▸ What the task asks: Write out exactly the lines of the entries below from the one holding "Подушка пневмопідвіски 40-288871" to the one holding "7 Higel Lane - Photo 30", inclusive, and leave out all other lines.

────────────────

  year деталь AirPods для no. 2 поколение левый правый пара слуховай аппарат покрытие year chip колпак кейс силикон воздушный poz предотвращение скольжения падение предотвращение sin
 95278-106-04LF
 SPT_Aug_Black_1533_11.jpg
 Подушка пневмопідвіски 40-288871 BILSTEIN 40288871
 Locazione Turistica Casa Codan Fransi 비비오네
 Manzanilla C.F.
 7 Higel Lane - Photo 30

────────────────

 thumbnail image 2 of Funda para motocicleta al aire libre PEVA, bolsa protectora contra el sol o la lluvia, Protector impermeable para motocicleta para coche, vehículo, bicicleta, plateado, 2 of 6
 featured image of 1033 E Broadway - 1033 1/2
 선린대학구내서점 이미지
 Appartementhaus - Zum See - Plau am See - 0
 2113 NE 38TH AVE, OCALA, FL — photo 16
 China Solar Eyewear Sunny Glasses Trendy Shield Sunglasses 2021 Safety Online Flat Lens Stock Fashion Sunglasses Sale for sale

────────────────

▸ Response:
 Подушка пневмопідвіски 40-288871 BILSTEIN 40288871
 Locazione Turistica Casa Codan Fransi 비비오네
 Manzanilla C.F.
 7 Higel Lane - Photo 30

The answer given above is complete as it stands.